▶ _TASK ITEM_
Only the pictures are to be omitted; everything else in the listing must be reproduced exactly.

▶ _GIVEN DATA_
──────────────────────────────

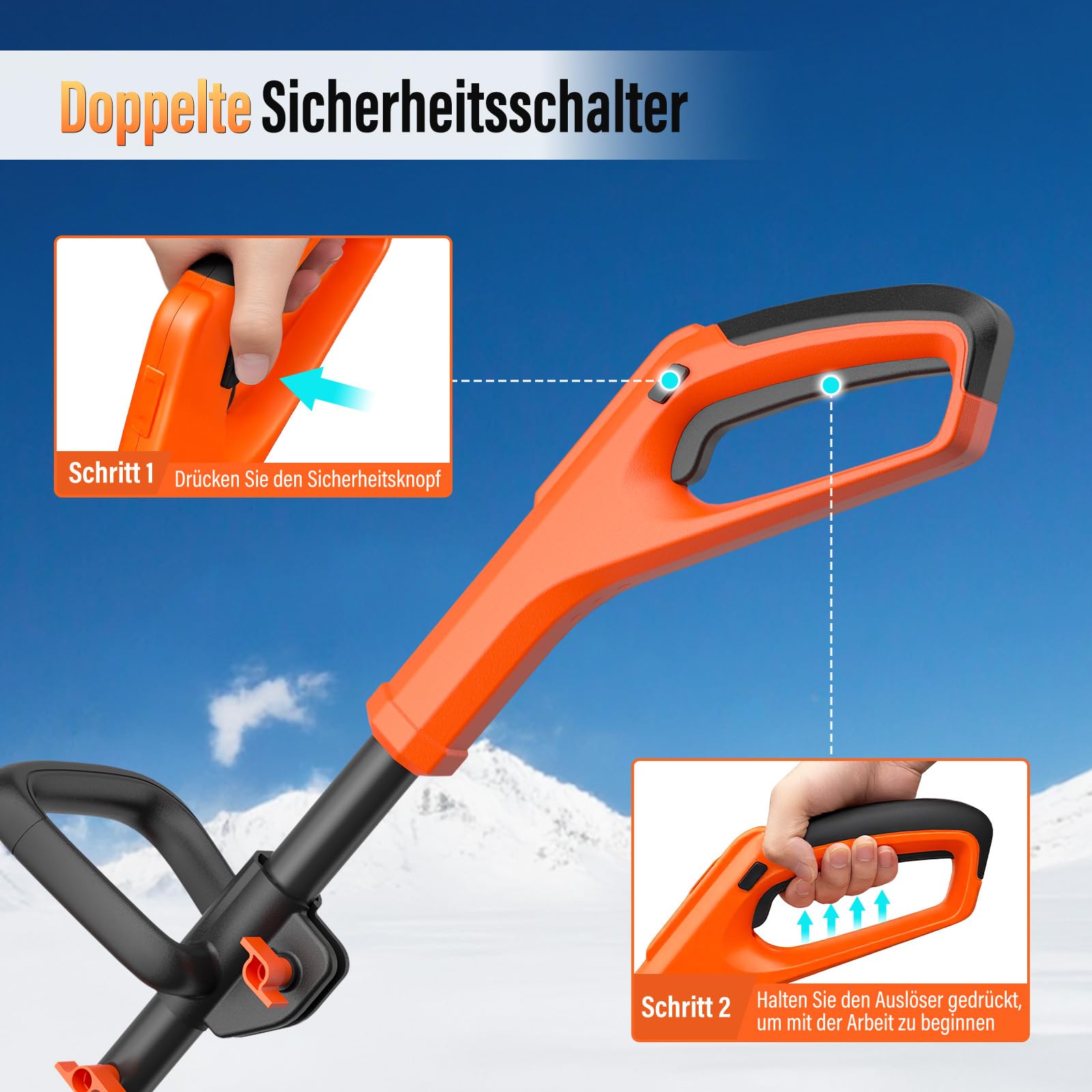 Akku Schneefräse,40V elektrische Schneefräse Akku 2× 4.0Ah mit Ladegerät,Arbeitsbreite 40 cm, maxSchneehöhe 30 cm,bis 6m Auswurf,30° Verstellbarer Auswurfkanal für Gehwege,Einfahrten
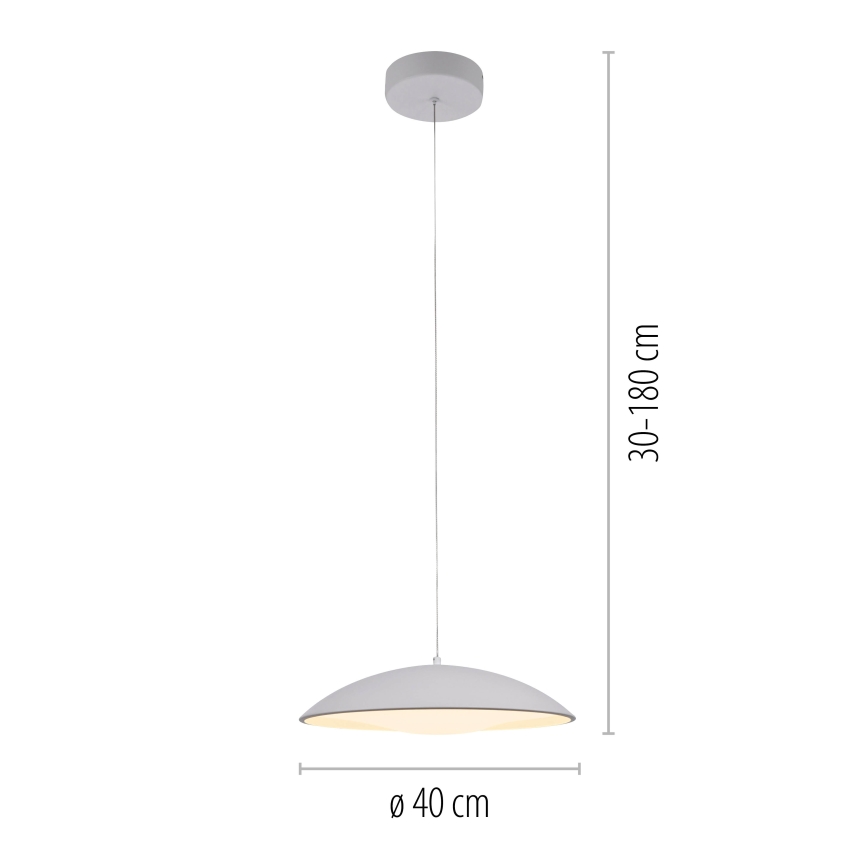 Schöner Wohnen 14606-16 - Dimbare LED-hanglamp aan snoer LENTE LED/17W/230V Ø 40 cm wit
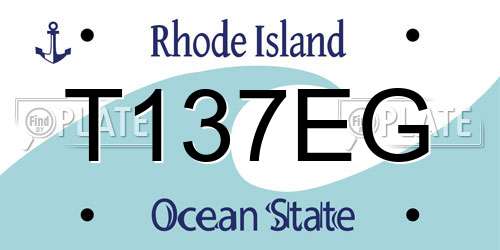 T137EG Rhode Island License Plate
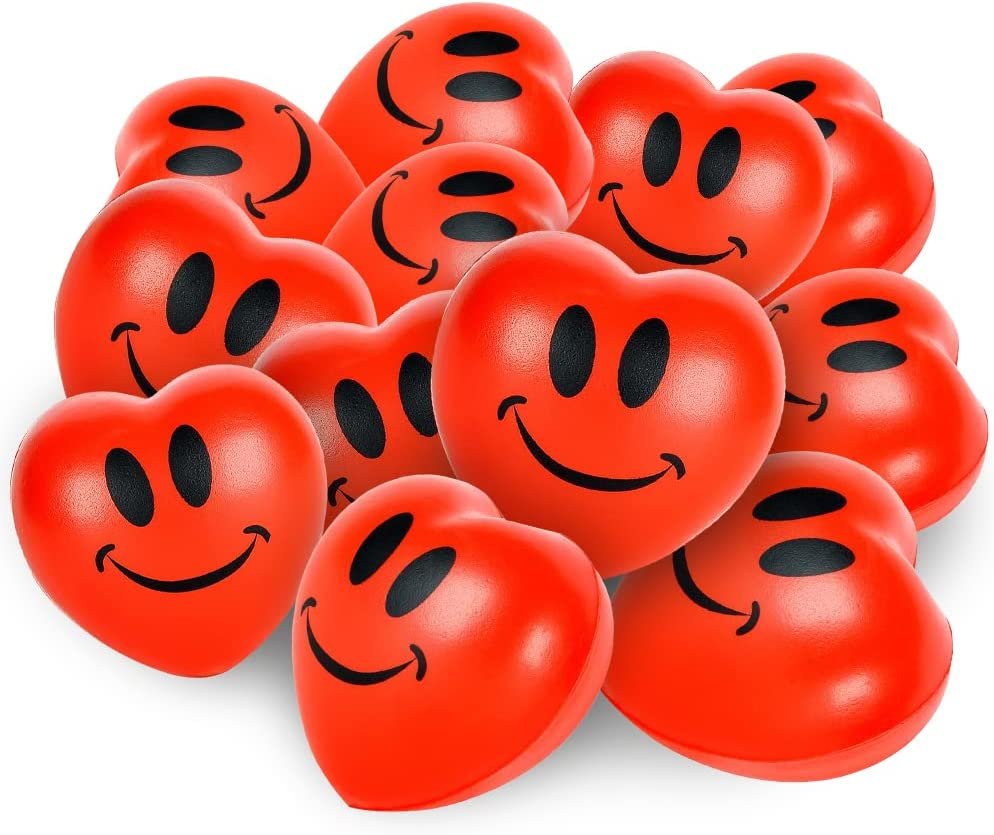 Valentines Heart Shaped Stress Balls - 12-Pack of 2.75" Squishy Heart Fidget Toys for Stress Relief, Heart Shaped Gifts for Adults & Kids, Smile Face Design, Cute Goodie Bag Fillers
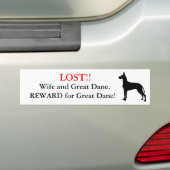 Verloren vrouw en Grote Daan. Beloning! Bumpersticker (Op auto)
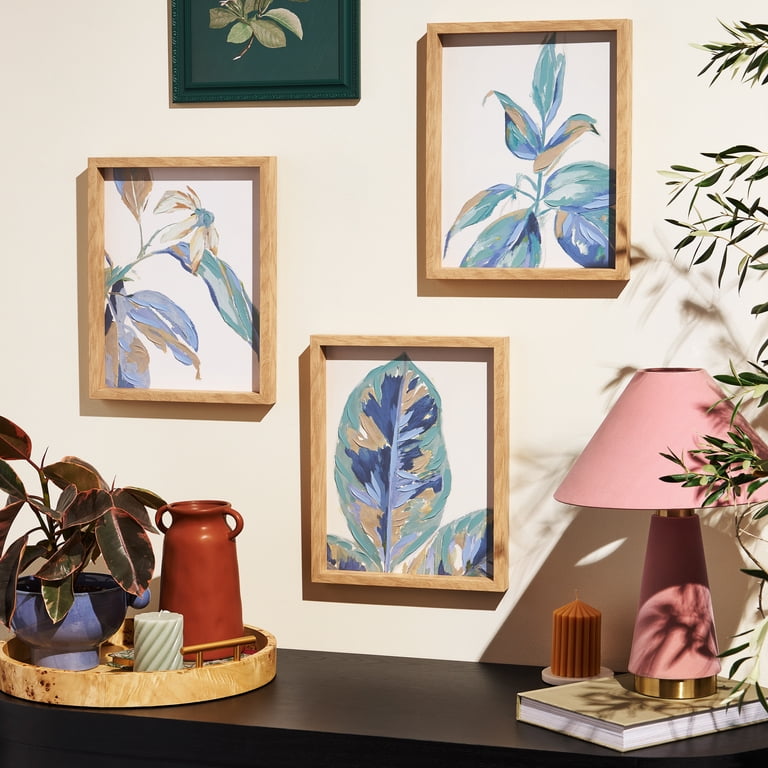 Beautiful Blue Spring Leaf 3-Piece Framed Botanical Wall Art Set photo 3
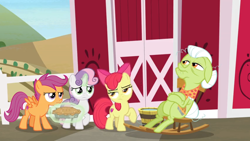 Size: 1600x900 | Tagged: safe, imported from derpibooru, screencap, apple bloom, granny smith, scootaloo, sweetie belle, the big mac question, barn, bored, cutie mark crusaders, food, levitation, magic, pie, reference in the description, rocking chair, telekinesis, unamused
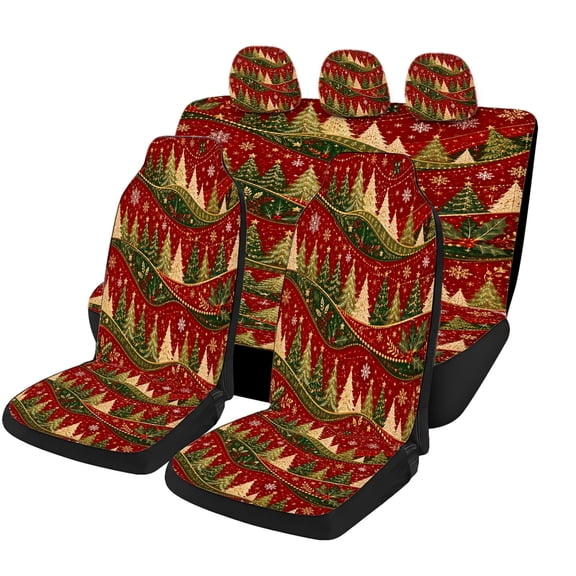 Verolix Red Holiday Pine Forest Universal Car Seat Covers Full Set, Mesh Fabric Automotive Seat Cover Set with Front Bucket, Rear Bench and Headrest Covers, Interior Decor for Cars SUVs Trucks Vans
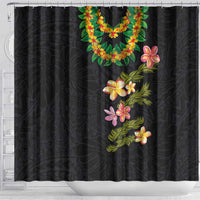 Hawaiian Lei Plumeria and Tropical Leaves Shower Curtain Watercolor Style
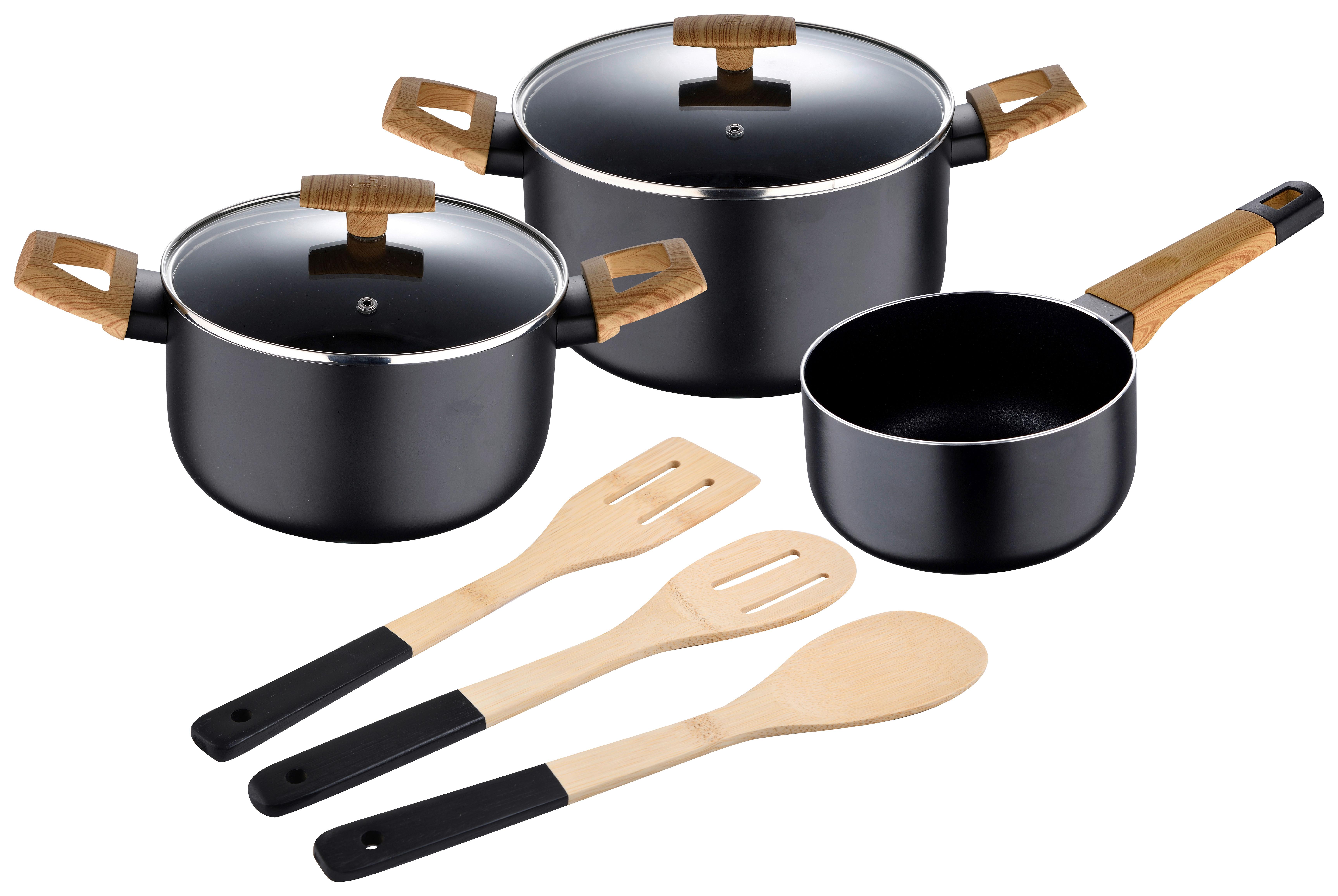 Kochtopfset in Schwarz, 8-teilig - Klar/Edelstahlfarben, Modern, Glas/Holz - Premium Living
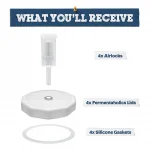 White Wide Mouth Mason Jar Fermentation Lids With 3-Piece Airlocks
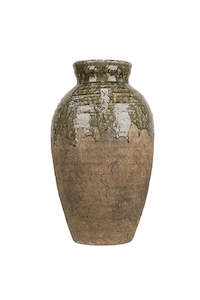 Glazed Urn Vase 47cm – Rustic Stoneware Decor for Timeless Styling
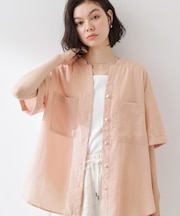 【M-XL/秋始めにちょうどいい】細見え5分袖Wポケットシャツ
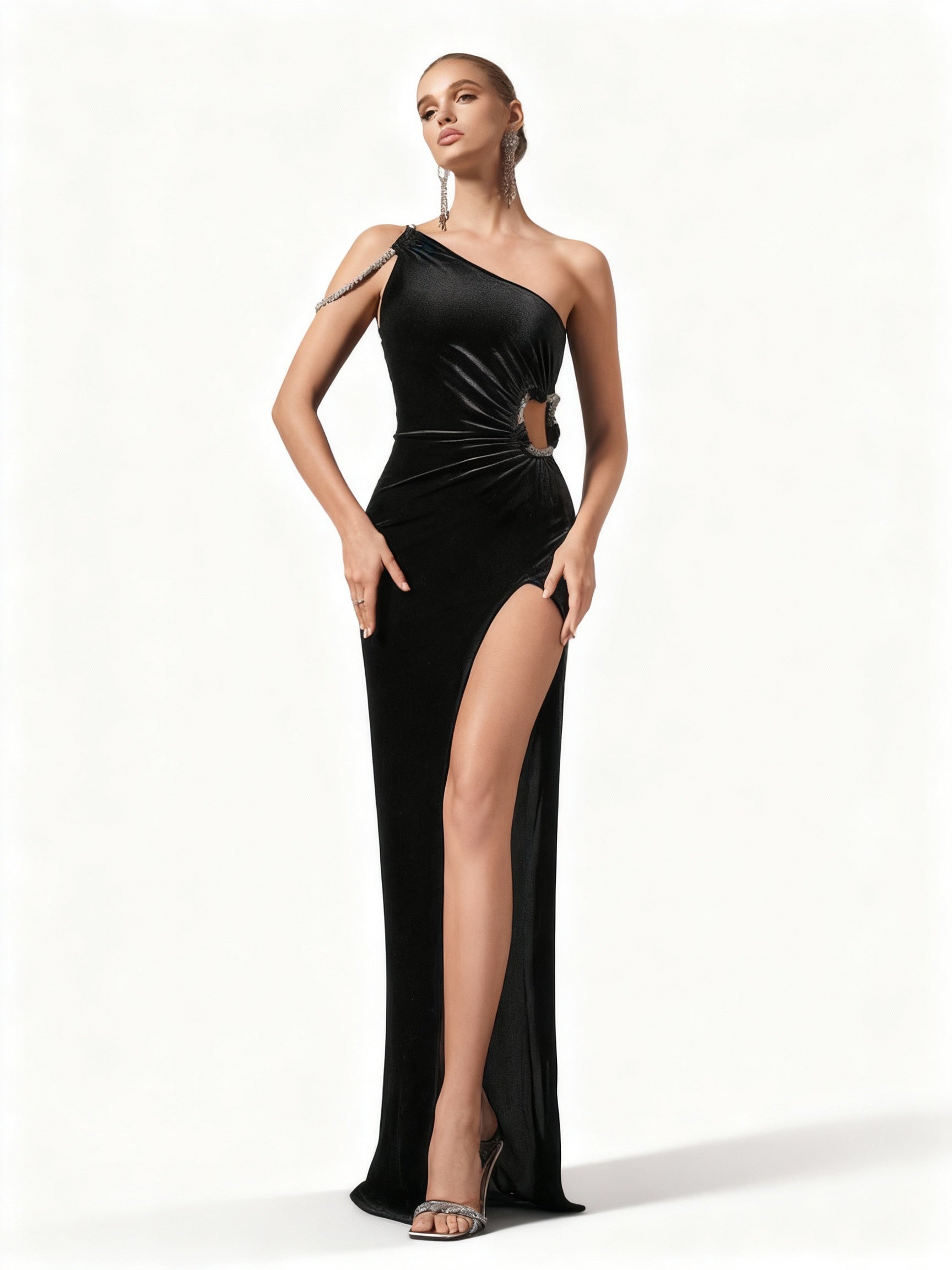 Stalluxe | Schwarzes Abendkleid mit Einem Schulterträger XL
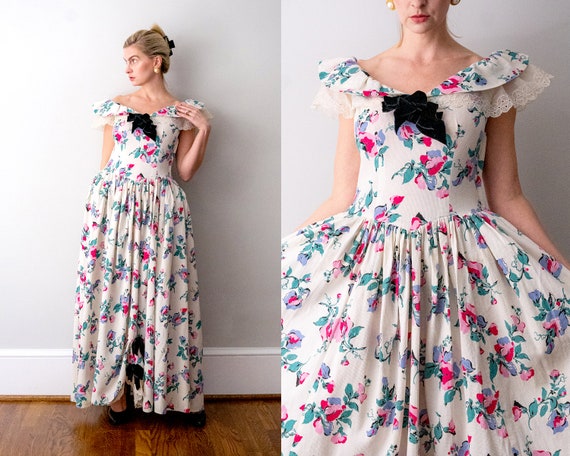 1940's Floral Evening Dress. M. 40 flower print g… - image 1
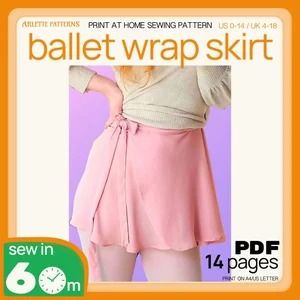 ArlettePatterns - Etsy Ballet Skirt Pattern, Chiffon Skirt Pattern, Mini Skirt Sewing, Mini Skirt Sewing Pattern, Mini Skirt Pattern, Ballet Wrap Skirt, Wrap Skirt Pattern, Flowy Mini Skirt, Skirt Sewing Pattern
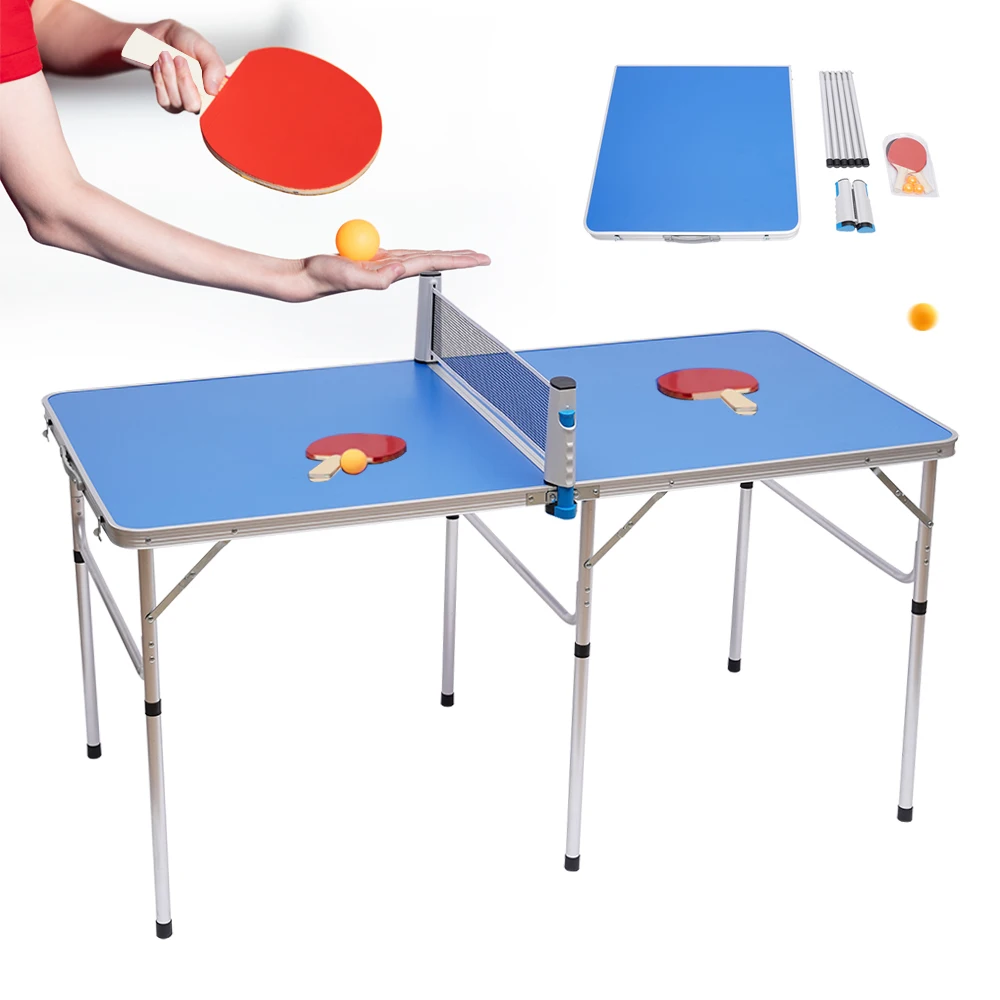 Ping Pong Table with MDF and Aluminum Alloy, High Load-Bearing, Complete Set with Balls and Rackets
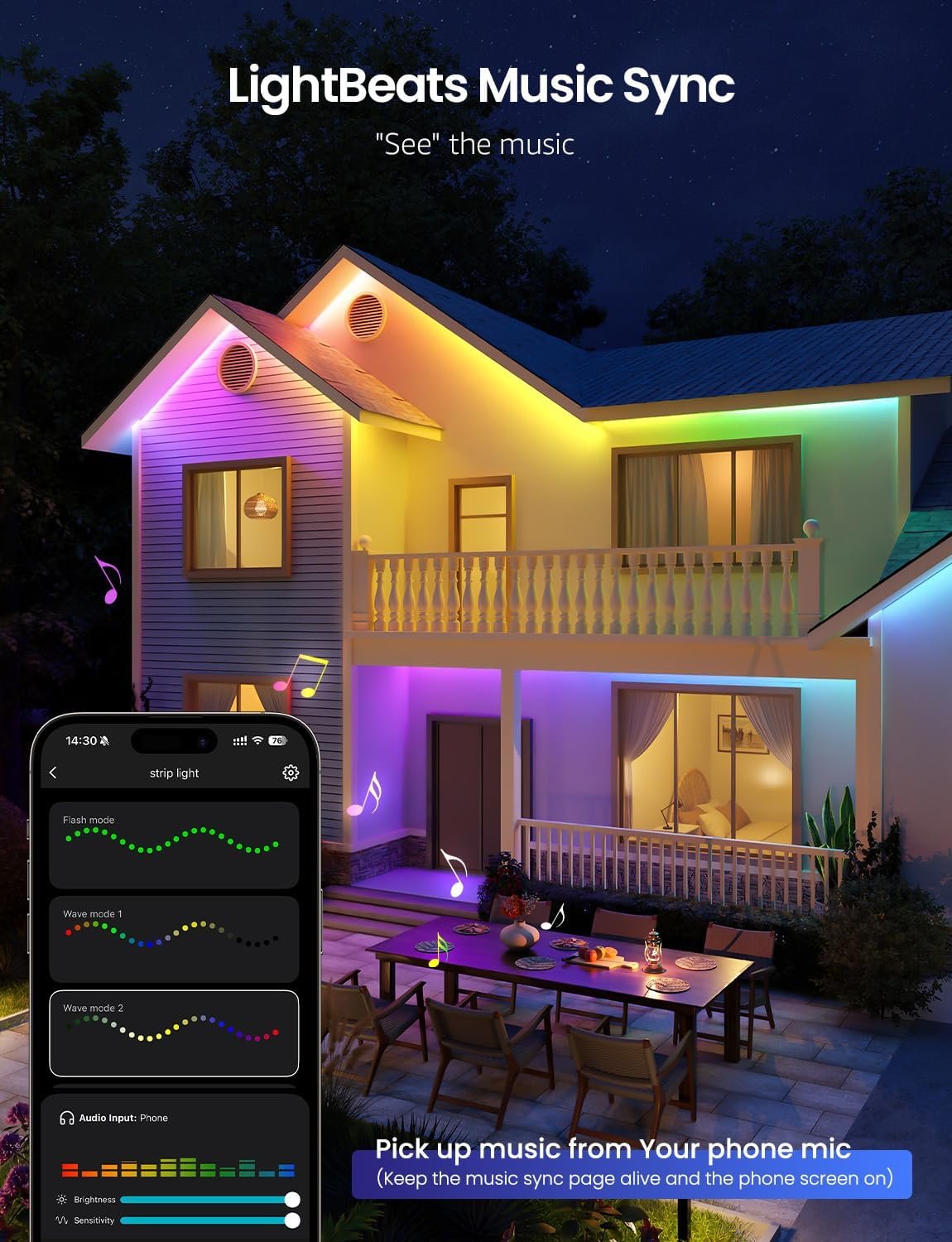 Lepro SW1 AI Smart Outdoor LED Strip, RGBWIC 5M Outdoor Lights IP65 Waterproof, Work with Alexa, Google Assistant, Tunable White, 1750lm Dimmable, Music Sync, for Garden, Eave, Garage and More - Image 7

──────────────────────────────

▶ _WRITTEN REPLY_
 Akku Schneefräse,40V elektrische Schneefräse Akku 2× 4.0Ah mit Ladegerät,Arbeitsbreite 40 cm, maxSchneehöhe 30 cm,bis 6m Auswurf,30° Verstellbarer Auswurfkanal für Gehwege,Einfahrten
 Schöner Wohnen 14606-16 - Dimbare LED-hanglamp aan snoer LENTE LED/17W/230V Ø 40 cm wit
 T137EG Rhode Island License Plate
 Valentines Heart Shaped Stress Balls - 12-Pack of 2.75" Squishy Heart Fidget Toys for Stress Relief, Heart Shaped Gifts for Adults & Kids, Smile Face Design, Cute Goodie Bag Fillers
 Verloren vrouw en Grote Daan. Beloning! Bumpersticker (Op auto)
 Beautiful Blue Spring Leaf 3-Piece Framed Botanical Wall Art Set photo 3
 Size: 1600x900 | Tagged: safe, imported from derpibooru, screencap, apple bloom, granny smith, scootaloo, sweetie belle, the big mac question, barn, bored, cutie mark crusaders, food, levitation, magic, pie, reference in the description, rocking chair, telekinesis, unamused
 Verolix Red Holiday Pine Forest Universal Car Seat Covers Full Set, Mesh Fabric Automotive Seat Cover Set with Front Bucket, Rear Bench and Headrest Covers, Interior Decor for Cars SUVs Trucks Vans
 Hawaiian Lei Plumeria and Tropical Leaves Shower Curtain Watercolor Style
 Kochtopfset in Schwarz, 8-teilig - Klar/Edelstahlfarben, Modern, Glas/Holz - Premium Living
 White Wide Mouth Mason Jar Fermentation Lids With 3-Piece Airlocks
 Glazed Urn Vase 47cm – Rustic Stoneware Decor for Timeless Styling
 【M-XL/秋始めにちょうどいい】細見え5分袖Wポケットシャツ
 Stalluxe | Schwarzes Abendkleid mit Einem Schulterträger XL
 1940's Floral Evening Dress. M. 40 flower print g… - image 1
 ArlettePatterns - Etsy Ballet Skirt Pattern, Chiffon Skirt Pattern, Mini Skirt Sewing, Mini Skirt Sewing Pattern, Mini Skirt Pattern, Ballet Wrap Skirt, Wrap Skirt Pattern, Flowy Mini Skirt, Skirt Sewing Pattern
 Ping Pong Table with MDF and Aluminum Alloy, High Load-Bearing, Complete Set with Balls and Rackets
 Lepro SW1 AI Smart Outdoor LED Strip, RGBWIC 5M Outdoor Lights IP65 Waterproof, Work with Alexa, Google Assistant, Tunable White, 1750lm Dimmable, Music Sync, for Garden, Eave, Garage and More - Image 7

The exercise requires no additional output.